On reception of the retransmitted signal, the error signal generator 17 performs a further error analysis. Depending on the result, the error signal generator 17 can signal to the transmitting apparatus and to the recipient of the reconstructed audio message that the transmission is valid or it can request the transmitting apparatus to change the variable parameters and retransmit until the error level is acceptable.

In an alternative embodiment, the word store 7 is also provided with synonyms which may be used to replace longer words having the same meaning.

Claims

Claims 1. Voice message transmission apparatus including; means for digitising an input analogue speech signal comprising the voice message to produce a first digital output signal representing a string of words, means for recognising individual words comprising said string of words, and means for eliminating from string of words those words which are redundant to the meaning of voice message to produce a second digital output signal representing a modified string of words.

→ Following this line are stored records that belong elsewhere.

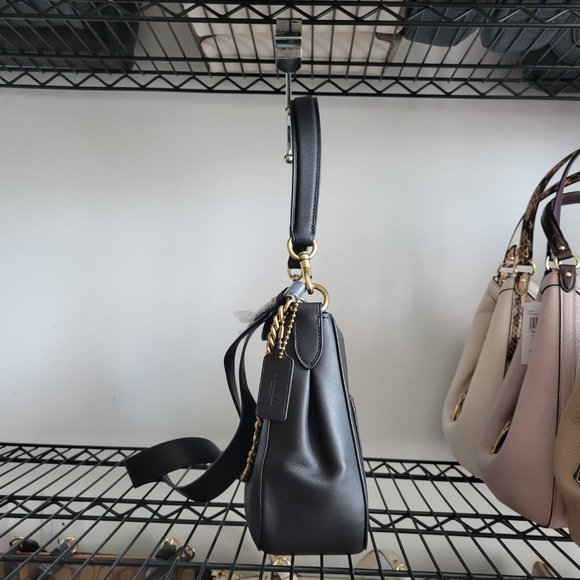 $269 *NEW*  COACH Signature Chain Hobo - Picture 4 of 16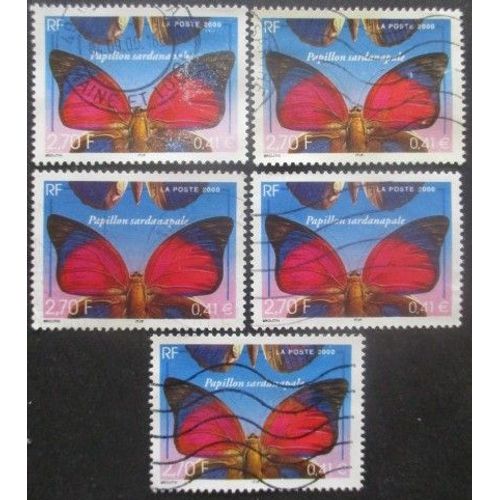 France N°3332 X 5 Oblitéré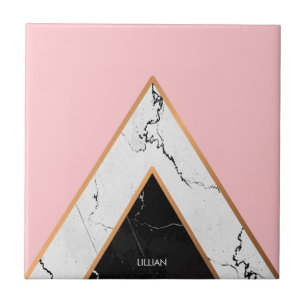 Marble Texture With Golden Lines Tile
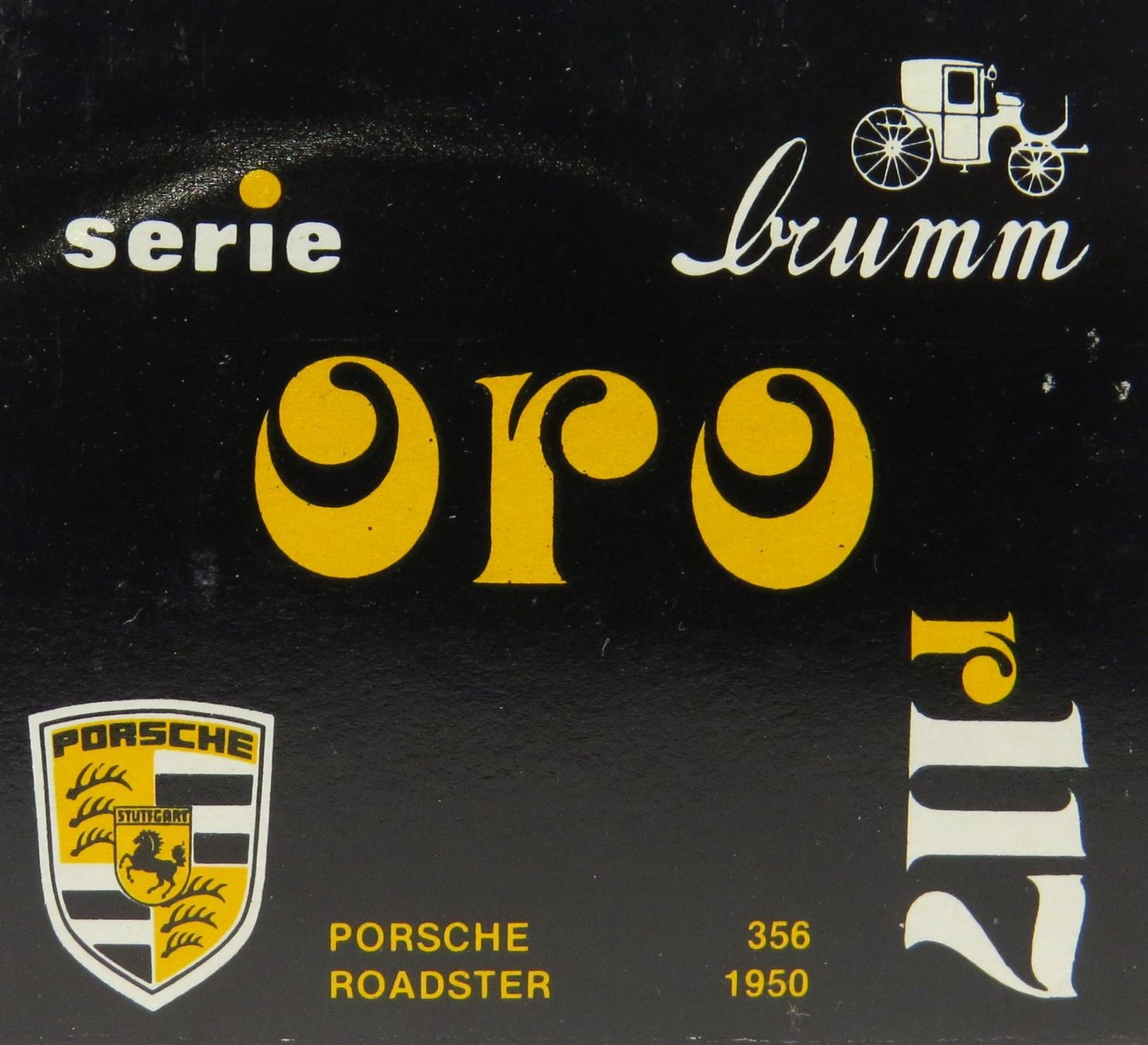 Porsche Modellini d'auto: 1:43 Porsche 356 Roadster 1950 – Nuovo e nell'imballaggio originale da Ettingen venduto da Burago 3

2. Voice message transmission apparatus according to Claim 1 and further including speech processing means for extracting from the first digital output signal, information relating to the prosody of the voice message.

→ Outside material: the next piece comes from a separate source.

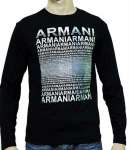 wholesale Armani Men' s Long Sleeve Tee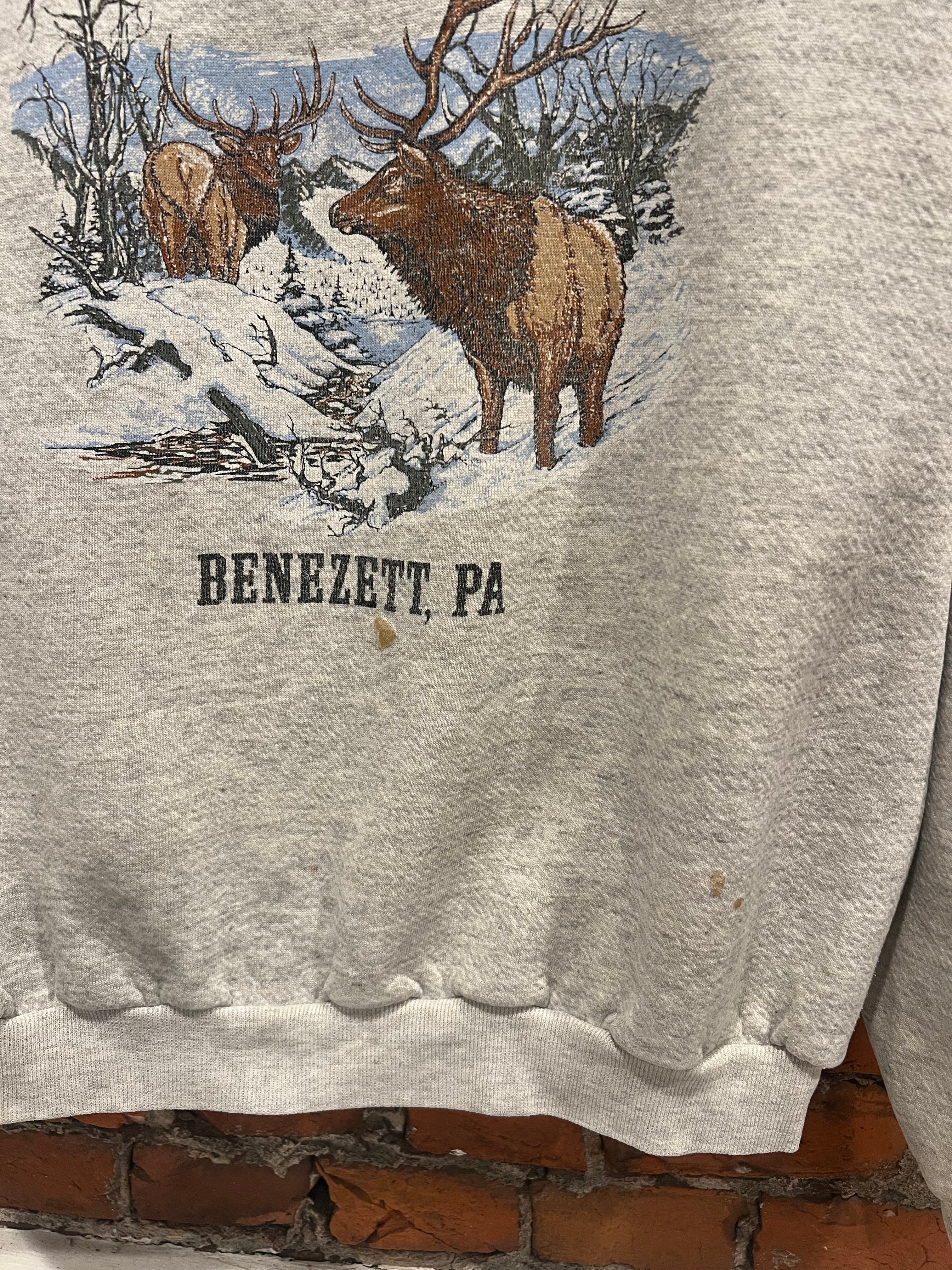 Vintage Benezett Store Elk Crewneck (XL)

3. Voice message transmission apparatus according to Claim 1 and further including speech processing means for extracting from the first digital output signal, information relating to the syntax of the voice message.
4. Voice transmission apparatus according to any preceding Claim and further including means for modulating onto a carrier digital data representative of the voice message for radio transmission.
5. Voice message receiving apparatus including: means for receiving via a communication link a communications signal comprising a first data signal representing a voice message and a second data signal representing prosody of the voice message, means for decoding the first data signal for reproducing the voice message, and means for comparing the first and second data signals to generate an error signal.
6. Voice message receiving apparatus including: means for receiving via a communication link a first data signal representing a transmitted voice message and a second data signal relating to the syntax of the transmitted voice message, and means for extracting syntax information from the transmitted voice message as received and comparing the extracted syntax information with the second data signal.
7. A method for compressing a voice message signal for transmission and reception via a telecommunications channel including the steps: digitising an input analogue speech signal comprising the voice message signal to produce a first digital output signal representing a string of words, recognising individual words comprising said string of words, and eliminating from said string of words those words which are redundant to the meaning of the voice message to produce a second digital output signal representive of compressed version of the voice message.
8. A method accord to Claim 5 and further including steps of: extracting prosody information from the first digital output signal, and comparing said compressed version of the voice message with said prosody information to produce an error signal.
9. Voice message transmission apparatus substantially as hereinbefore described with reference to Figure 1.
10. Voice message receiving apparatus substantially as hereinbefore described with reference to Figure 2.
11. A method of transmitting and receiving a voice message signal substantially as hereinbefore described with reference to the drawings.